MANILA — The Department of Agriculture is considering imposing a price ceiling on imported rice as rising global tensions drive up shipping and production costs, raising concerns over possible profiteering in the local market.
Agriculture Secretary Francisco Tiu Laurel Jr. said the agency is evaluating a proposed cap of around P50 per kilo for imported rice to help stabilize retail prices while protecting farmgate prices of palay.
“We are studying the imposition of a price cap on imported rice, possibly P50 per kilo,” Tiu Laurel said.
He added that the department is currently assessing the legality of implementing such a measure and, if allowed, will endorse it to Ferdinand Marcos Jr. as part of a broader response to the impact of rising oil prices.
A similar price ceiling on locally produced rice is not being considered at this time, as the DA warned that early intervention could negatively affect farmers who are currently benefiting from improved palay prices during the ongoing harvest.
“We may impose a price cap on local rice after the harvest to avoid profiteering,” he said.

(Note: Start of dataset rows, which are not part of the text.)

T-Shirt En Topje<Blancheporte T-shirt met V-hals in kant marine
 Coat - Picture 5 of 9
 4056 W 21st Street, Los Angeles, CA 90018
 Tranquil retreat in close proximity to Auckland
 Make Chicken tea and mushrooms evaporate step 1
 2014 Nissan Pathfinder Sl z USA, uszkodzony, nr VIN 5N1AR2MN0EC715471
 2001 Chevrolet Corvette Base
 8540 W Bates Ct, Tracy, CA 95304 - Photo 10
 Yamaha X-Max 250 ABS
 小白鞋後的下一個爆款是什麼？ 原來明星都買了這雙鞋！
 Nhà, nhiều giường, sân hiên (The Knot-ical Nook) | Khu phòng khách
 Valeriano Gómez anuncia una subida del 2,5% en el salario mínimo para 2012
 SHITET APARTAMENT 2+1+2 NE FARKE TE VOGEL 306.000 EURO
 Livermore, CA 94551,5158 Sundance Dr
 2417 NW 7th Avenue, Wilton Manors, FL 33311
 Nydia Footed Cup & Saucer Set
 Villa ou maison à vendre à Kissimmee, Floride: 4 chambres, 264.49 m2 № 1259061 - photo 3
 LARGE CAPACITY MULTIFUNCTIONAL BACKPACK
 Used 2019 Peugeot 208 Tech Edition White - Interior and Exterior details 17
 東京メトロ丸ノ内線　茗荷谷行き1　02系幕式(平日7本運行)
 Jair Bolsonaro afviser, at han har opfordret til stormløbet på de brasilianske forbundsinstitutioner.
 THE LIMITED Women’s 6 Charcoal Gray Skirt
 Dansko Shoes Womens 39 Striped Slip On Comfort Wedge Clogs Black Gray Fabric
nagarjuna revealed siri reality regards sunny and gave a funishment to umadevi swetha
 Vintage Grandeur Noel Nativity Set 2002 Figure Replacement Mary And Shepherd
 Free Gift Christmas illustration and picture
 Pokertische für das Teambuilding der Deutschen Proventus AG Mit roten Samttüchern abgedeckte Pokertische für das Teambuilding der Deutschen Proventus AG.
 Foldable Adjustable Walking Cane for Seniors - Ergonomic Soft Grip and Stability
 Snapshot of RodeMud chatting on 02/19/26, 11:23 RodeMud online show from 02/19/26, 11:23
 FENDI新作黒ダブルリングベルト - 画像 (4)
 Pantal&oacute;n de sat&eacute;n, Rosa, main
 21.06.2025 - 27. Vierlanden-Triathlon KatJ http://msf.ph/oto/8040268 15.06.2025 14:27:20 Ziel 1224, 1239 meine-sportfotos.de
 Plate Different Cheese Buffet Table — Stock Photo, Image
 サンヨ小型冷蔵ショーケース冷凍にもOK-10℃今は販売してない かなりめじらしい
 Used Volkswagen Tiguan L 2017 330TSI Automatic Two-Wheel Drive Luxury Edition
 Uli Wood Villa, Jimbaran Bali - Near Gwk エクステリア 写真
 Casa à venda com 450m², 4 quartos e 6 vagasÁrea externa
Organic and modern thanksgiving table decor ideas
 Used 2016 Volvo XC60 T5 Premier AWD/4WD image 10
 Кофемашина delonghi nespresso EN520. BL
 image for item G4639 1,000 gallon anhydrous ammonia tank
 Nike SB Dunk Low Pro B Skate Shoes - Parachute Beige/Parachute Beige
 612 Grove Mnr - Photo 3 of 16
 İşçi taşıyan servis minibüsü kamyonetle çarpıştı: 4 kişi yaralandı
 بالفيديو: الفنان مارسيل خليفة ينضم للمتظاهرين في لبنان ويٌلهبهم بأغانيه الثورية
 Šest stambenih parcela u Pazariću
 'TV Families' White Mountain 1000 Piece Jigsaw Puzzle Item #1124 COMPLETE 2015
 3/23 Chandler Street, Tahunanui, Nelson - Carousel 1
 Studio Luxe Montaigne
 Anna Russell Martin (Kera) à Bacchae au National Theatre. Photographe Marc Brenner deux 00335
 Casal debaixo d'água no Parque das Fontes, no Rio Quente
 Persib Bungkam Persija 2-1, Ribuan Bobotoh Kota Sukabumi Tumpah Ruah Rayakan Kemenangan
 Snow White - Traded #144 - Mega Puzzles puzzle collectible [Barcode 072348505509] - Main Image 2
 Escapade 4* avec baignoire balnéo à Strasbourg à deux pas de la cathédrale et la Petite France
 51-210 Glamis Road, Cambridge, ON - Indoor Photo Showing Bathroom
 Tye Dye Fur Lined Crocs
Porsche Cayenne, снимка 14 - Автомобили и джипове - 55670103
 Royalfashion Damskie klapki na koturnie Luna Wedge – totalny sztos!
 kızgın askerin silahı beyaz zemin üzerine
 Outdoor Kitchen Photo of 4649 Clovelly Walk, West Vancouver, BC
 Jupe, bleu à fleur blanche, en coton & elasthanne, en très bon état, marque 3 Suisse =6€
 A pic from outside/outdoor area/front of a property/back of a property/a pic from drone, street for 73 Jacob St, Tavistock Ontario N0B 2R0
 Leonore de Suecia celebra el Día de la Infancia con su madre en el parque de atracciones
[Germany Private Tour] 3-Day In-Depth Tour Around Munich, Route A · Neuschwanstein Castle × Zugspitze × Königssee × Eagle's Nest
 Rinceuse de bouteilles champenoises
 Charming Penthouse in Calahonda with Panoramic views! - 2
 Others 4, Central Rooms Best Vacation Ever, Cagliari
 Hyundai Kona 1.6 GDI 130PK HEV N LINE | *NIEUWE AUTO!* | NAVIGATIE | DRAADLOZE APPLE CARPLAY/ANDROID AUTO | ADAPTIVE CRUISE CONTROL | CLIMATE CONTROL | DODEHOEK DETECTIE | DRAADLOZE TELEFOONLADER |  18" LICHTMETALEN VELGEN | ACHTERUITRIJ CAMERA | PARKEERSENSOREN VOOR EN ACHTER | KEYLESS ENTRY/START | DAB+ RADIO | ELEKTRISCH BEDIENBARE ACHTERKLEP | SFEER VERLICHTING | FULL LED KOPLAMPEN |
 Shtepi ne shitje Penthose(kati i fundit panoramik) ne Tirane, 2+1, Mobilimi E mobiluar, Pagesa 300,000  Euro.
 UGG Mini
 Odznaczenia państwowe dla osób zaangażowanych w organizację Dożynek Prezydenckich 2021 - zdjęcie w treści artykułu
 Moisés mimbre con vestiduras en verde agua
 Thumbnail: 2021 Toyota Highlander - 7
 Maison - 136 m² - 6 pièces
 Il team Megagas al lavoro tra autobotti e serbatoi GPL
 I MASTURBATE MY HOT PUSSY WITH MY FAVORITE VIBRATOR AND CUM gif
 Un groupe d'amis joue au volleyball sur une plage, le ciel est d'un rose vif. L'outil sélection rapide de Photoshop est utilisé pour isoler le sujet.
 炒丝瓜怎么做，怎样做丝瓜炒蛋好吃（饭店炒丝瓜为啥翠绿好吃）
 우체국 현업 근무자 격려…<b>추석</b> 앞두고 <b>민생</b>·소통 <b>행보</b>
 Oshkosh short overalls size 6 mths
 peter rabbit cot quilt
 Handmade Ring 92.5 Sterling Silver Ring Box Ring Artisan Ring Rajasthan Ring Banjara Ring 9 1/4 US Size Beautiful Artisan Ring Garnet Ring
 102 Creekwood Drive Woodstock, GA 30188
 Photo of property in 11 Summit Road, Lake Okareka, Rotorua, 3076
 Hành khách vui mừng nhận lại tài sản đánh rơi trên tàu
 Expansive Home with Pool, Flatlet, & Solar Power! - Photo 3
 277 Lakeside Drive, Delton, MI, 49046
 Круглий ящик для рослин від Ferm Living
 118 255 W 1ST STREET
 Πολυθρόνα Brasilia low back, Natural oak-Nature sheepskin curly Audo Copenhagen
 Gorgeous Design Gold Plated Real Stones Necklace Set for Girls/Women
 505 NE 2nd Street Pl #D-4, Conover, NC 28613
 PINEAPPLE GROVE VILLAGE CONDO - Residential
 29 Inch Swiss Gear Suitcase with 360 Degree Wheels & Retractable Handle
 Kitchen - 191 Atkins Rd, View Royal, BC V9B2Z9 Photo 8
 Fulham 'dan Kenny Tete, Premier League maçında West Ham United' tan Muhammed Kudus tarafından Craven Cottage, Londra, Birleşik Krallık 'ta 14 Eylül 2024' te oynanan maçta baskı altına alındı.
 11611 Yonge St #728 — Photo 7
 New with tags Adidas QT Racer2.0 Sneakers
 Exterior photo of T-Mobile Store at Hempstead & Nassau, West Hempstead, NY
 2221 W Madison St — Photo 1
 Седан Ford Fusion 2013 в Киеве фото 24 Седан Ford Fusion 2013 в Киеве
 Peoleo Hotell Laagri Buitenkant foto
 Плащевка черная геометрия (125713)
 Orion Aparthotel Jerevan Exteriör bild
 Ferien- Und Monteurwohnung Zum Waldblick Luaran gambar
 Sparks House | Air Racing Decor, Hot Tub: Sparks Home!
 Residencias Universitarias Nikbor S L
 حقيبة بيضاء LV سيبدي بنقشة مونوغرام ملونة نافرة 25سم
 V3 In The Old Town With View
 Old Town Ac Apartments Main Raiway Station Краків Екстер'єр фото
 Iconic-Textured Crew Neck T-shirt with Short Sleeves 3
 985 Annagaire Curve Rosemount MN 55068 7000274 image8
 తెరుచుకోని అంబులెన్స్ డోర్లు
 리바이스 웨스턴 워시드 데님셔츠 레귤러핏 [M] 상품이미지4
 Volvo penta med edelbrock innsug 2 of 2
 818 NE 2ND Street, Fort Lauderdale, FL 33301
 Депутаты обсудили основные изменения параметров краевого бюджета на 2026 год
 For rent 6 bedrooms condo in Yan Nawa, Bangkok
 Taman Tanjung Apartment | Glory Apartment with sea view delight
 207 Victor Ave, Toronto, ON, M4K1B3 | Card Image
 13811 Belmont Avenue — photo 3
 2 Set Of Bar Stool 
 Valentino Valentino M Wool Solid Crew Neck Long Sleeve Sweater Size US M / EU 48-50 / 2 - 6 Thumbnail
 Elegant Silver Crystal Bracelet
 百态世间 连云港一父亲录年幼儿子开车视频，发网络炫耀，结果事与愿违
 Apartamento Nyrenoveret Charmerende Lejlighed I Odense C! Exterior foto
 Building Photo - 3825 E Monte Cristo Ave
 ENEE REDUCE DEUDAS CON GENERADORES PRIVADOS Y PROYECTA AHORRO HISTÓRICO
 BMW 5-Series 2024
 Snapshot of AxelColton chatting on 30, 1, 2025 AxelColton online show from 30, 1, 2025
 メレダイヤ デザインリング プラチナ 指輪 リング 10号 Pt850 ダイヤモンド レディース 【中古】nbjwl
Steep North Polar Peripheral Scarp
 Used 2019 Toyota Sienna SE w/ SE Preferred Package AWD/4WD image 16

The agency’s move comes as geopolitical developments continue to influence global commodity markets, particularly with tensions involving Iran, the United States, and Israel affecting oil supply routes such as the Strait of Hormuz. Higher oil prices have led to increased costs for fertilizer, fuel, and freight.
According to the DA, freight costs have already doubled, pushing the landed cost of the commonly imported DT8 rice variety to nearly $500 per metric ton.
Despite these rising expenses, Tiu Laurel noted that some retail prices have reached P60 to P65 per kilo, which he described as “bordering on profiteering.”
To help ease prices, the DA has instructed state-run firms Food Terminal Inc. and Planters Products Inc. to sell rice at lower rates of P45 and P48 per kilo. Distribution has started in Metro Manila and may be expanded to other areas, including Southern Luzon and Cebu.